Tell me something: What do you think would happen if the United States concludes that Iran has been cheating and delaying and is about to pop a fully functional nuclear weapons program? Would President Obama respond by joining Israel to bomb the Iranian nuclear facilities to smithereens — or would he stall and equivocate? My bet is the latter and so, just to double down, is what I bet the Iranians are betting. They have taken the measure of Obama. He lacks menace.
Menace is essential in a world leader if he (or she) is going to be feared as well as admired. Obama falls into the admired category — the leader who won the Nobel Peace Prize with mere good intentions, a guy who had a new attitude toward Russia (a reset) and Iran (an approach) and China (a pivot) and, of course, to the Muslim world — an appreciation from a president who had broken the mold. We know him now as someone miscast: a rational man in an irrational world.
A president’s demeanor is no minor thing. It can matter greatly. For an example, history serves up Gerald Ford, president by virtue of a third-rate burglary. Ford succeeded Richard Nixon, who resigned in 1974 on account of the Watergate scandal. The year before, the U.S. and North Vietnam reached a cease-fire in the Vietnam War. Nixon hailed it as “peace with honor.”
The dishonorable North Vietnamese had other ideas. They not only knew that America was weary of war and that Congress would never reverse the troop withdrawal, but also that Ford was no Nixon. Nixon had cultivated the image of being just a touch mad — what later came to be called his “madman theory” of foreign policy. He wanted America’s adversaries to think he was capable of anything — including the use of nuclear weapons. In 1969, he had even ordered a worldwide nuclear alert. It rattled the Soviet Union. It was a feint, but it made a point. The American president would not be trifled with.
Whether the North Vietnamese believed that Nixon was off his meds is beside the point. What they knew is that a president who might retaliate to an invasion of the South with a bombing campaign had gone into exile. The genial Ford was in the White House. Shucks, he was no bomber. The North marched South, paused to gauge Washington’s reaction, and kept on going. Vietnam then had its version of peace with honor.

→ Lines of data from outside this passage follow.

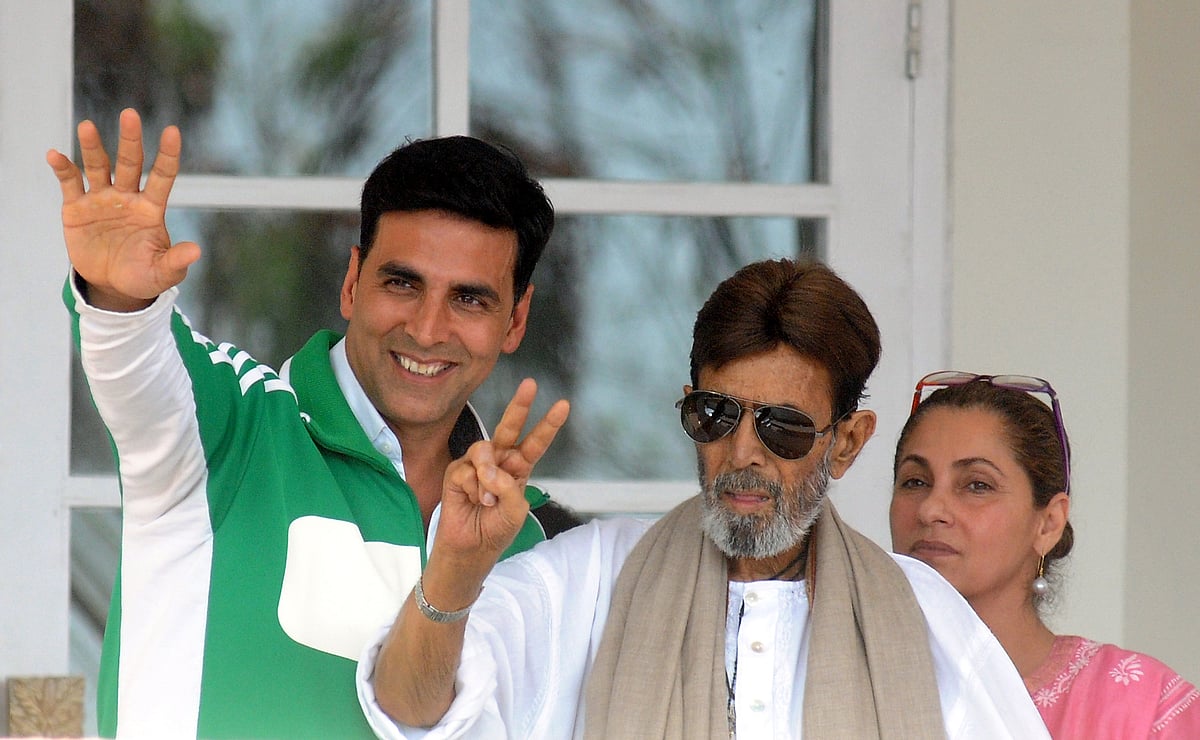 Rajesh Khanna’s Iconic Aashirwad Bungalow Turned to Rubble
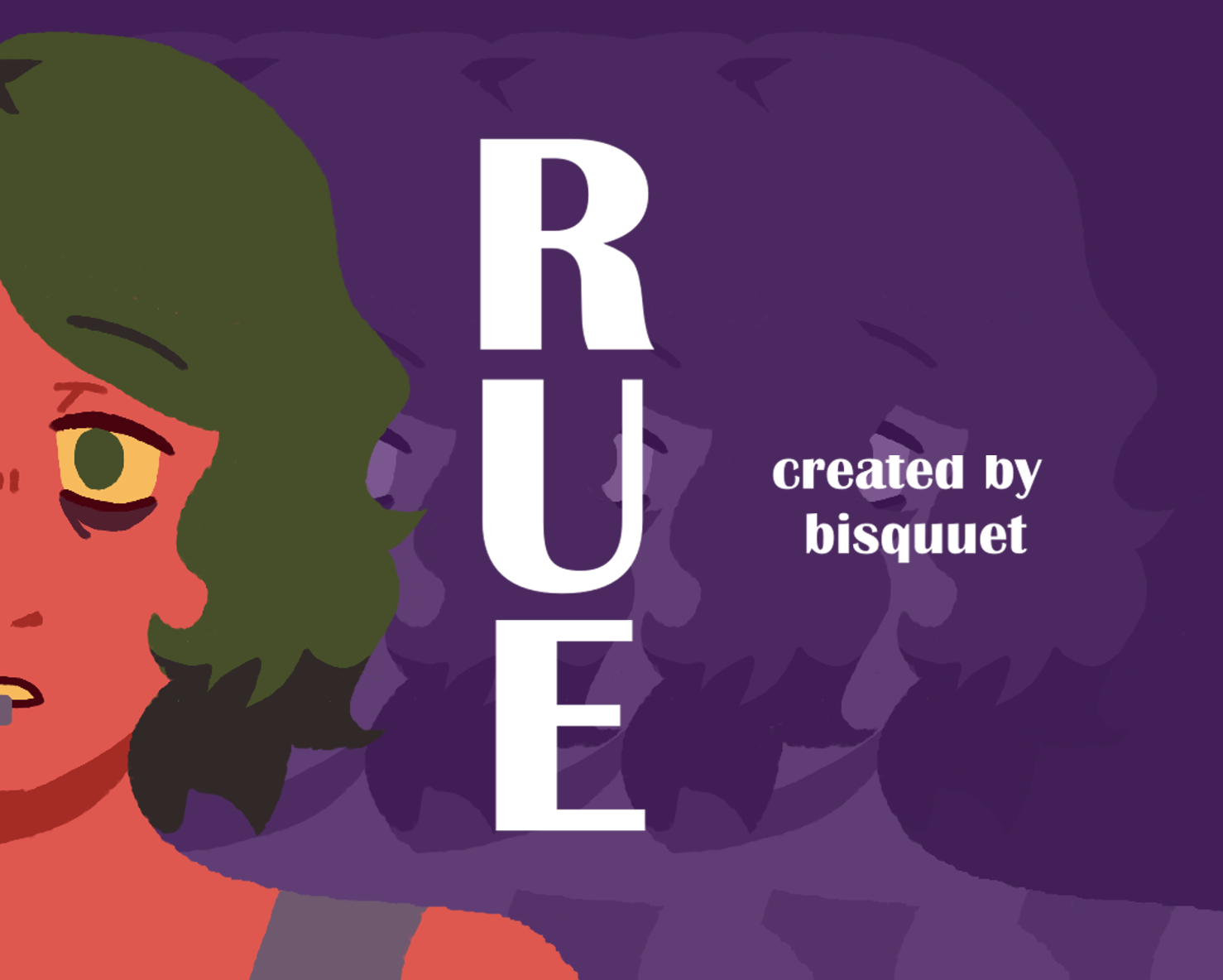 Cover image for RUE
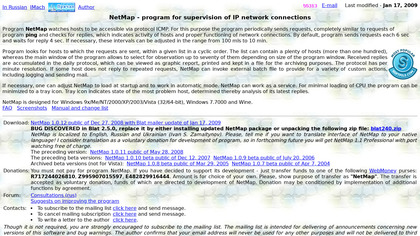 NetMap image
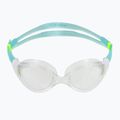 Speedo Biofuse 2.0 Damen-Schwimmbrille klar / weiß / marineblau / klar 2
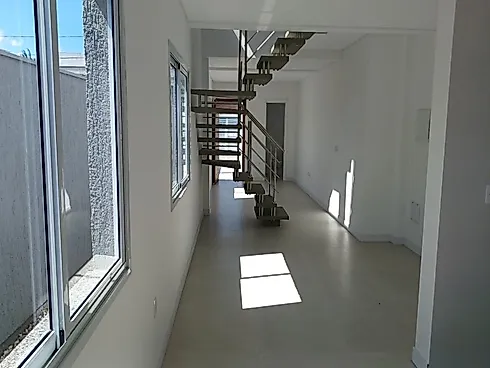 Casa Geminada de Dois Pavimentos, Financiável, com 3 Suítes, no Marinas do Campeche - Campeche - Flo - Foto 19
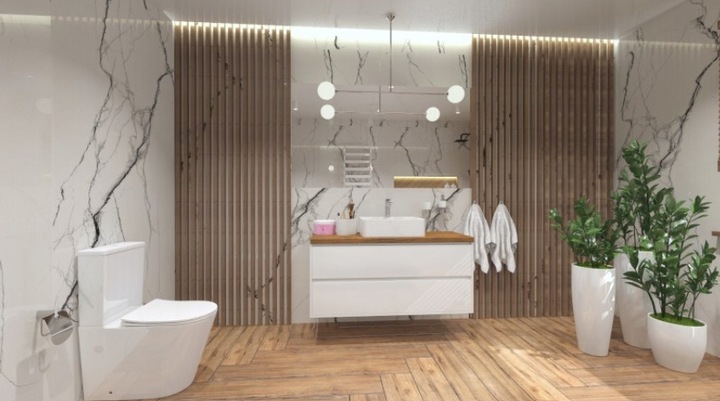 Kompakt zestaw WC Neptun LaVita uniwersalny bezrantowy deska wolnoopadająca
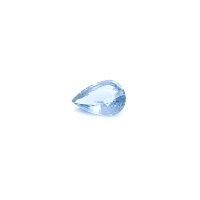 0.59 ct Pear Blue Natural Sapphire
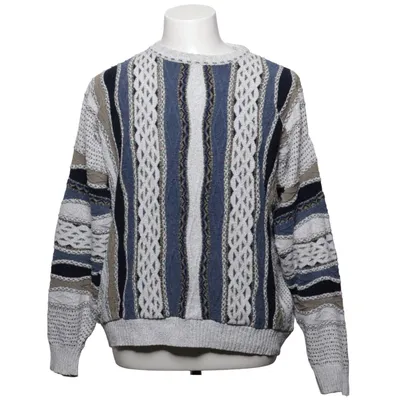 Sweater (Grå, Blå, Grøn) fra Gios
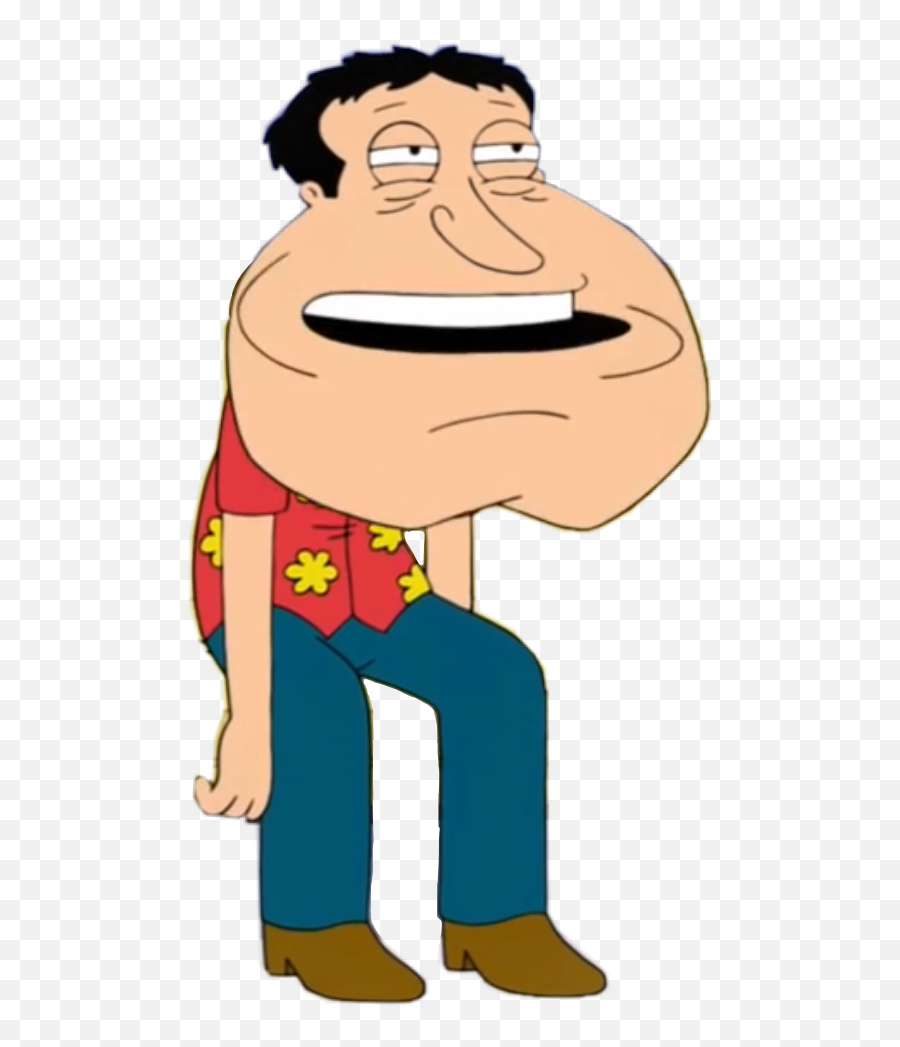 Quagmire Familyguy Memes Toilet Sticker - Toilet Quagmire Emoji,Quagmire Emoji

Increasingly of late, the bombing campaign against the Islamic State has triggered the nagging finger of Vietnam: here we go again. In a New York Times op-ed piece, Fredrick Logevall and Gordon M. Goldstein warn of the slippery slope. Their article was headlined, “Will Syria Be Obama’s Vietnam?” That about says it all. They remind us that Lyndon Johnson, too, had wanted to avoid boots on the ground — and that events got away from him. Unexpected events is just another way of saying war. Obama knows this and he has insisted that American troops, with the exception of a few advisers and such, will not return to the Middle East.

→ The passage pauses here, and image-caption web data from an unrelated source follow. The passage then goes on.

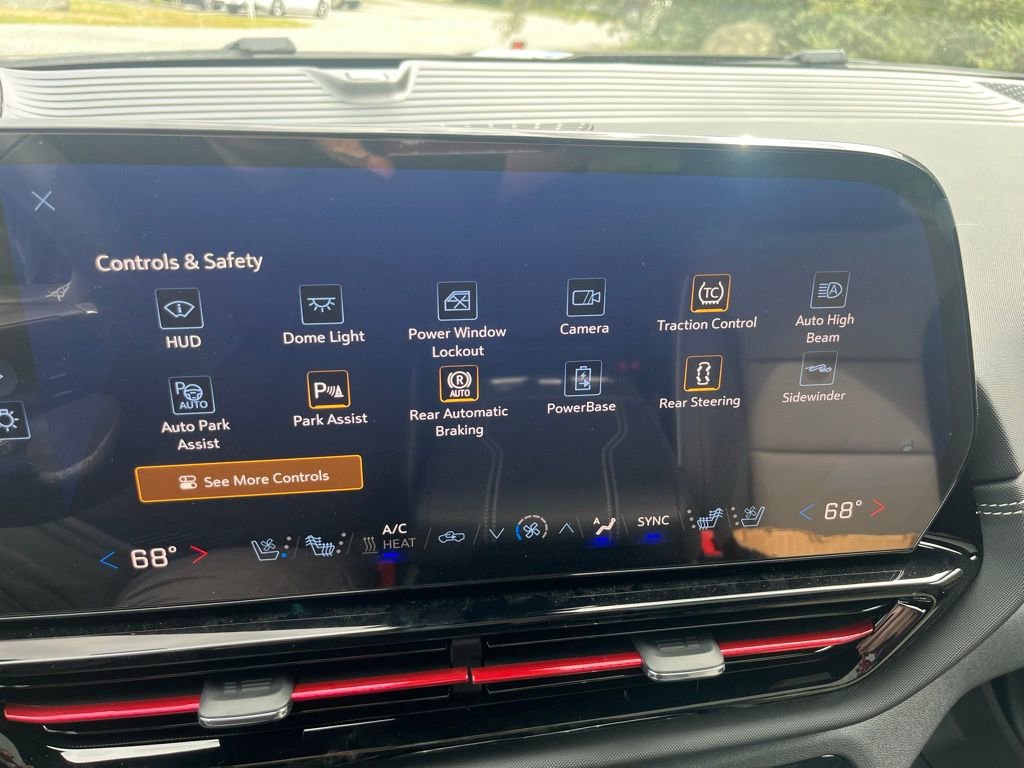 New 2026 Chevrolet Silverado EV Trail Boss image 19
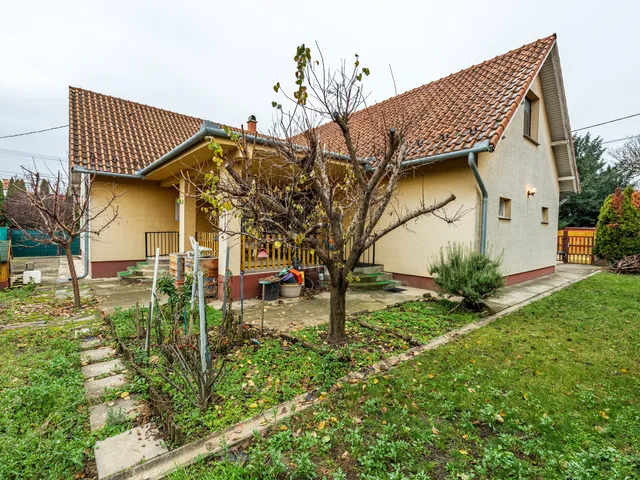 Eladó ház Érd 105 nm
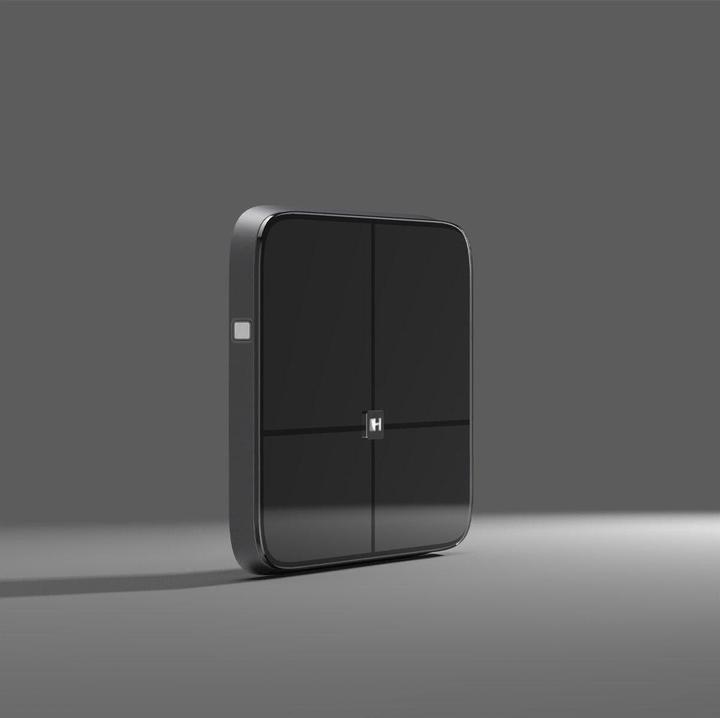 Actual product image Hammer Fitness Body Screen TX (200 kg)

I take the Vietnam analogy/precedent seriously. But I also take seriously how one of those uncontrollable events was Nixon’s replacement by Ford. And I take even more seriously the Iranian nuclear program and Iran’s apparent foot-dragging. Will they be deterred by Obama? Did they notice how he called for Bashar al-Assad to go, but left it at that? Did they notice that the president refused to aid the Syrian rebels until things really got out of hand? Did they notice how Syria blew through his red line and the president of the United States did nothing? You bet they did. What they saw was weakness, a president so resolutely determined to avoid the mistakes of the past that he was making new ones of his own.

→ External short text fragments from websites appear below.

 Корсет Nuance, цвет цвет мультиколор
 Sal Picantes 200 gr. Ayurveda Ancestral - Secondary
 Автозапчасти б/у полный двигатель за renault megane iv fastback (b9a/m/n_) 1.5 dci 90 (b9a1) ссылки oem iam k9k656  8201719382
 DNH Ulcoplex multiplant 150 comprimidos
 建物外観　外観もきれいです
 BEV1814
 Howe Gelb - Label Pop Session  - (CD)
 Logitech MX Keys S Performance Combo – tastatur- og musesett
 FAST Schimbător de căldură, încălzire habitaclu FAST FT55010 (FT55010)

There are two Vietnam precedents. One is about escalation, the other about perceived weakness. Obama has to avoid both. At the moment, he has to be resolute in his campaign to eliminate — as far as possible — the Islamic State and not conduct the air campaign in a dilatory manner. He has gone to war — an air war, to be sure, but a war nonetheless. It must be pressed relentlessly, and not just to contain the Islamic State until other Arabs can eliminate it, but to convince Iran (and others) that he means what he says. This is one event he can control.